2017-05-09 - Oops we forgot to pay the bill#

Summary#

On May 9, 2017, the compute resources associated with the data-8 project at GCE were suspended. All hubs including datahub, stat28, and prob140 were not reachable. This happened because the grant that backed the project’s billing account ran out of funds. The project was moved to a different funding source and the resources gradually came back online.

Timeline#

2017-05-09 16:51#

A report in the Data 8 Spring 2017 Staff slack, #jupyter channel, says that datahub is down. This is confirmed. Attempting to access the provisioner via gcloud compute ssh provisioner-01 fails with:

ERROR: (gcloud.compute.ssh) Instance [provisioner-01] in zone [us-central1-a] has not been allocated an external IP address yet.
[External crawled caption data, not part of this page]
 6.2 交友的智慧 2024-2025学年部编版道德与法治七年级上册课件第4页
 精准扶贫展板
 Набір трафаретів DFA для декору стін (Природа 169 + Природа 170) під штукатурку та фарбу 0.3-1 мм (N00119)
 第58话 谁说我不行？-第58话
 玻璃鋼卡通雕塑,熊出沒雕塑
Try rerunning this command later.

17:01#

The Google Cloud console shows that the billing account has run out of the grant that supported the data-8 project. The project account is moved to another billing account which has resources left.

The billing state is confirmed by gcloud messages:

Google Compute Engine: Project data-8 cannot accept requests to setMetadata while in an inactive billing state.  Billing state may take several minutes to update.

17:09#

provisioner-01 is manually started. All pods in the datahub namespace are deleted.

17:15#

datahub is back online. stat28 and prob140 hub pods are manually killed. After a few moments the hubs are back online. The autoscaler is started.

17:19#

The slack duplicator is started.

2017-05-10 10:48#

A report in uc-jupyter #jupyterhub says that try.datahub is down. This is confirmed and the hub in the tmp namespace is killed. The hub comes online a couple of minutes later.

Conclusion#

There was insufficient monitoring of the billing status.

Action items#

Process#

  1. Identify channels for billing alerts.

  2. Identify billing threshold functions that predict when funds will run out.

  3. Establish off-cloud backups. The plan is to do this via nbgdrive.

  4. Start autoscaler automatically. It is manually started at the moment.

Monitoring#

  1. Setup scheduled billing reports and threshold alarms.

  2. Setup hub monitoring!

  3. The slack duplicator runs in one of the GCP clusters. When the clusters go down, slack messages aren’t forwarded from the data8-sp17-staff slack to uc-jupyter.